Anne in Salem said...

I had to look up social contract. I don't understand what social contract, as defined by Wikipedia, has to do with income stagnation and inequality.

Wages are stagnant because the government is forcing businesses to spend money on useless medical insurance, sick pay, etc. Even the cheapest medical insurance plan is equivalent to a 1% raise. A plan that is anything more than minimal essential coverage is equivalent to a 5% raise. Sick leave is another 2% raise. There's an 8% raise not happening in cash. There are more regulations coming down the pike that will cost businesses more and more and benefit workers less and less. When we rolled out our Obamacare medical plan, most workers said they'd rather have the money than the insurance.

Mandating higher wages through increasing minimum wage will help somewhat, but only if businesses manage to stay afloat. This will disproportionately hurt younger, less skilled, less educated workers because they will be the ones first let go when owners have to choose between paying an inexperienced teenager and paying a more experienced, more knowledgeable older worker $13/hr.

"A lot will go wrong" because the government will tax and regulate many businesses into insolvency. And then where will the workers be? In the unemployment line, collecting food stamps, and burdening emergency rooms and hospital budgets. Get the government out of business!

Ramesh said...

Nothing in this post is killing off Captain Goodhope. Sure there is the problem. What makes you so despondent that we will not arrive at an acceptable compromise. We have to go through the antics of the loony left and the rabid right - a few years of experience with either of them will convince the electorate not to commit suicide for a generation. And a middle ground will emerge.

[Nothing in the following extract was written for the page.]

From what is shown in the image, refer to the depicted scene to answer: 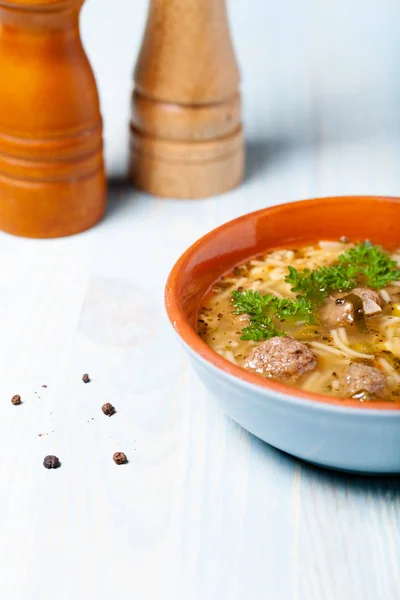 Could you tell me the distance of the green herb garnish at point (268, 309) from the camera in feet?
8.77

One of those rare occasions when I disagree with Anne. The lack of medical insurance for millions and the absolutely crippling medical costs if you are unfortunate enough to fall sick is one of your greatest weaknesses as a nation. Nobody likes insurance and people will opt for cash if possible because they don't think illness will strike them. But when it does, what will we do - the option seems to be to leave them to die or that state picking up the cost in ER. Either way seems to be an inferior option.

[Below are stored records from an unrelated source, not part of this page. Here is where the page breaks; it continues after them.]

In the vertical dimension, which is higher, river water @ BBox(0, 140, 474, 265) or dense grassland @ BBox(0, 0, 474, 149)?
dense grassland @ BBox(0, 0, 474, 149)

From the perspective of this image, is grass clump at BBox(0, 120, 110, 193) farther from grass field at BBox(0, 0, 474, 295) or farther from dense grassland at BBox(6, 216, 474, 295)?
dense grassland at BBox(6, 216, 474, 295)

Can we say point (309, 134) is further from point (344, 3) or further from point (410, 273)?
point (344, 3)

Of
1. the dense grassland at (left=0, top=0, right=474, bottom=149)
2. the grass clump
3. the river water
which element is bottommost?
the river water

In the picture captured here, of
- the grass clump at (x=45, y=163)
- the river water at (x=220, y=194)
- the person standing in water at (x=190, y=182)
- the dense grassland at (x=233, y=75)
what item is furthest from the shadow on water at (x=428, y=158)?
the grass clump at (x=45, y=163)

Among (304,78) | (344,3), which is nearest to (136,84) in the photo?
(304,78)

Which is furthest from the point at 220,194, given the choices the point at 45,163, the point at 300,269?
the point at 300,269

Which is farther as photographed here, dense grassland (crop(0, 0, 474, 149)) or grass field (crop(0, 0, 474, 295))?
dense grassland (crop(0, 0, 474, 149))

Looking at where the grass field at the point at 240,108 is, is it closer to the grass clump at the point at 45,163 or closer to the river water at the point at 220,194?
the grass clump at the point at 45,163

You are right in bemoaning the additional costs that it puts on businesses. But that is because your medical costs are absolutely insane. Everything about the economics of the American health care system completely astounds any non American. Nowhere else in the world are costs so high. The solution, I would suggest, is to cut costs and not remove insurance.

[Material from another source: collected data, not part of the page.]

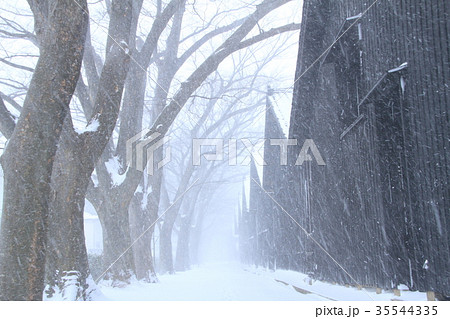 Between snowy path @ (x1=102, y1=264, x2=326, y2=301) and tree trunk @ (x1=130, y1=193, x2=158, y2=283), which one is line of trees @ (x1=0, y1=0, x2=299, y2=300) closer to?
snowy path @ (x1=102, y1=264, x2=326, y2=301)

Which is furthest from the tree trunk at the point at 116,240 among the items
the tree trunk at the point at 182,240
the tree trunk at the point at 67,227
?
the tree trunk at the point at 182,240

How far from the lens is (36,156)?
17.7 feet

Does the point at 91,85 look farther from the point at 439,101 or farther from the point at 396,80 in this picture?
the point at 439,101

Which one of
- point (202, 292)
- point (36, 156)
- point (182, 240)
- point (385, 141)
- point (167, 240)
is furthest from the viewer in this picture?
point (182, 240)

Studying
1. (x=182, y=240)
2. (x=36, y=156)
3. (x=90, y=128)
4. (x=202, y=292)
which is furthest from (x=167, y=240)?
(x=36, y=156)

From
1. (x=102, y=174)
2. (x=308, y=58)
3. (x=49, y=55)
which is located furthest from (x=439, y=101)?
(x=102, y=174)

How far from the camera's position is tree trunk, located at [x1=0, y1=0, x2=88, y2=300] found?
16.9 feet

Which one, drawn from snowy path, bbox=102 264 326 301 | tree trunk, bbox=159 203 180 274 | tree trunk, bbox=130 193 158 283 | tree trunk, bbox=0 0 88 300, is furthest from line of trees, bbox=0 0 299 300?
tree trunk, bbox=159 203 180 274

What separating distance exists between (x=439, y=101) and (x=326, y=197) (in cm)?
582

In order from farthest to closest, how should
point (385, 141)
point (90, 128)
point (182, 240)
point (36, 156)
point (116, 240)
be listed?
1. point (182, 240)
2. point (116, 240)
3. point (90, 128)
4. point (385, 141)
5. point (36, 156)

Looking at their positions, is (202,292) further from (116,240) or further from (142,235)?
(142,235)

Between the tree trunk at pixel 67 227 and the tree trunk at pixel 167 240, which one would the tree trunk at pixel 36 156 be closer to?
the tree trunk at pixel 67 227

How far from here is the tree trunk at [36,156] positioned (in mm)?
5160

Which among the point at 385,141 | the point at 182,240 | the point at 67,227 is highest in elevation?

Just to give you a sense of the problem. The average cost of a cataract surgery in the US is $3542 per eye. It is $400 in India. And I am comparing the same level of medical standards.

Sriram Khé said...

Social contract is more than mere healthcare or wages. The social contract is also how we decide how to deal with homelessness to public schooling to ... One of my favorites on this, a kind of a thought experiment, has been well animated in this short video: www.youtube.com/watch?v=A8GDEaJtbq4

By writing that "a middle ground will emerge" you are being consistent in your optimism. Pro-business people, I have often noticed, are way more optimistic. Makes sense--you would not put your money down for greater returns tomorrow unless you are optimistic. Or a gambler ;)

In reading the tea leaves, I am not as optimistic as you are. We will have to live it out and see who is wrong.

A minor note on the cataract stuff. A 70-plus woman in the way extended family in Chennai recently went in for her cataract surgery. Half way through, her eye started bleeding like crazy and, yep, she is now blind. Years ago, when my father had his cataract surgery, there was a mishap that has rendered vision in one eye permanently blurry. These two are from the upper economic class, and there is no recourse--no lawsuits against the medical malpractice. I would bet that medical malpractice in India is atrocious. Of course, people like Anne claim that costs in the US are high because of ambulance-chasing lawyers. I will any day prefer activists or mercenaries fighting on behalf of the victims.